Okay, that out of my system … there is a larger message, that dreams are easy to have but nearly impossible to make come true, most of these 30-something musical artists and such wanna-be’s struggling to get any kind of attention and hoping a spot at the festival will do the trick. The story follows the last full day before the event as bunches of bands, singers, fans, and holdouts collide in the streets inside and outside telling their side of the fight in a kind of patchwork assembly line of odd characters and odder complexities. You never really know any of them but you understand their situations.

It’s maddening at first as the film jumps from person to person, group to group in an opening high-speed salvo that sort of introduces us to the myriad faces we’ll revisit over and over again for the duration, and a few stand out, as their threads eventually find some connection. It’s rigidly purposeful in its absurdity, which admittedly, given some time, becomes its driving charm, the guerilla film style and machine gun pace eventually loading the experience with a kind of unhinged investment. It’s like an old goofy MTV reality show clinging to its inflexible formula but updated for the modern anxiety-riddled crowd.

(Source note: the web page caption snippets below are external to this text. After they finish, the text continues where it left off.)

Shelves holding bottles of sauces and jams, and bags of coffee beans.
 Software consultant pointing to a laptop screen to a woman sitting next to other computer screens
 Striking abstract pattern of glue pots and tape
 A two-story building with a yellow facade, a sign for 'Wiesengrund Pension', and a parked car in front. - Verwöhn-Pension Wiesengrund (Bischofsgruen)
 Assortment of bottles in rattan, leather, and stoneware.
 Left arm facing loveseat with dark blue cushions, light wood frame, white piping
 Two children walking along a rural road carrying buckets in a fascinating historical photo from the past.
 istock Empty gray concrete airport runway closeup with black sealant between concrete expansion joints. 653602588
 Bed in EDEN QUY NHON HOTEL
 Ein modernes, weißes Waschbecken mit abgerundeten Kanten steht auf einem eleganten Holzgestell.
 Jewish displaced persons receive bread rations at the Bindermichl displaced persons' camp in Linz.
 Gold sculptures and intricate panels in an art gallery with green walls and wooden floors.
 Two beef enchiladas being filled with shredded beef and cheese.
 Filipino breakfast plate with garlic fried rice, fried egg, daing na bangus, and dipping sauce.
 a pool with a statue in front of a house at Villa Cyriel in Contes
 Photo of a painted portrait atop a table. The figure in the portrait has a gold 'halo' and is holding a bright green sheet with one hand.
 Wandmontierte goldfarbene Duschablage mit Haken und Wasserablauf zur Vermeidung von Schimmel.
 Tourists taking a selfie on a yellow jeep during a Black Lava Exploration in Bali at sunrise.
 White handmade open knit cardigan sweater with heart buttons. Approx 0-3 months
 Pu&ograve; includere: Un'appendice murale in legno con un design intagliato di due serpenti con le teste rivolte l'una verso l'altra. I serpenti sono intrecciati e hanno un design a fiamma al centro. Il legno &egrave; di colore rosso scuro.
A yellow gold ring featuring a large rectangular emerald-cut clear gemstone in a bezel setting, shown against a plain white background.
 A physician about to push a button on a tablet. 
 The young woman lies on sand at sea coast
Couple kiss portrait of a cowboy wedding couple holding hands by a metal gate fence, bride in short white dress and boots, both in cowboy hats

No one seems real but all feel somewhat identifiable.

Clearly, this is a project for a certain kind of people, and there are faces and names these people will recognize more than others, not to mention the lifestyle and desires all of it shines a light on (or douses in darkness). Cuenca doesn’t flinch in painting the hardships and consequences of success and failure as much as the hopes and aspirations, but the film is so scattershot in its presentation, it’s hard to stay affected by any of it. That’s not even getting to the overall overdrawn performances of most of the cast who keep this ten steps from anything authentic. And because everyone is like that, I suspect this was a conscious choice.

So, that all said, which really ought to be read as wholesale subjective information dumping, I’ll Be Around is a unique work and Cuenca is looking to take his audience on a journey rather than tell a cohesive story, not so much trying to break the rules but simply avoiding them. In fact, if there’s anything that does it right, it’s Cuenca’s direction and restraint in delivering a film that wants nothing to do with restraint. He concentrates on the characters instead of the world they live in, allowing them to shape our interpretation of it rather than loads of exploitive imagery that might distract. This is a film that demands you wait for a payoff, like looking at a spilled box of puzzle pieces and trying to discern what it is from a single glance. Not possible. You need time and a little effort. That’s I’ll Be Around.